Eğer Suriyeli çocuklar evlerinde güvende değilse, bizim çocuklarımız da Ankara, Paris, Londra ya da New York’ta güvende olmayacaklardır. Bu çocuklar nerede doğacaklarına kendileri karar vermiyorlar. Bizim kararlarımız ya da yanlış kararlar onların geleceğini şekillendiriyor. Son 4 yıldır Türkiye olarak biz sesimizi duyurmaya çalışıyoruz Suriye’de insani bir kriz yaşandığına dair. Milyonlarca mülteci, milyonlarca çocuk, kadın, yaşlı baskıcı bir rejimin ve aynı zamanda terör örgütlerinin mağdurları” dedi.
“2 MİLYON MÜLTECİYİ KABUL ETMİŞ BİR ÜLKENİN VE MİLLETİN BAŞBAKANI OLMAKTAN GURUR DUYUYORUM”

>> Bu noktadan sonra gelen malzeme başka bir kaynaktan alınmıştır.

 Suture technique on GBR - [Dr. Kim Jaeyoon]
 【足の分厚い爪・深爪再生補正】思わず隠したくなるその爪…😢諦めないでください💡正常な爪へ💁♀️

Davutoğlu, Türkiye’de yaklaşık 2 milyon mültecinin bulunduğunu vurgulayarak, “Burada 1.7 milyon Suriyeli mülteci yaklaşık 200 bin Iraklı’yı yaklaşık 2 milyon mülteciyi kabul etmiş bir ülkenin ve milletin Başbakanı olmaktan gurur duyuyorum. Türk ekonomisi büyük bir ekonomi değil bazı gelişmiş ekonomiler kadar büyük değil. Son 4 yılda 6 milyar dolardan fazla para harcadık.
Vatandaşlarımızın, çiftçilerin, çalışanların vergilerinden. Bazı Türk şehirlerinden Kilis gibi Türk vatandaşlarının artık sayısı Suriyelilerden daha az. Kilis nüfusunun bugün yüzde 54’ü Suriyelilerden oluşuyor. Hiçbir şekilde bu göçmenlere karşı gösteri görmüyorsunuz Türkiye’de. Ancak Avrupa’da bazı liderlerin bazı makaleler yazdığını, konuşmalar yaptığını ve Hıristiyan bir toplum olduğunu ve Müslümanların orada olmaması gerektiğini söylediklerini görmüyoruz. Türkiye 2 milyon mülteciye kapılarını açtı ve onlara kim olduklarını sormadı.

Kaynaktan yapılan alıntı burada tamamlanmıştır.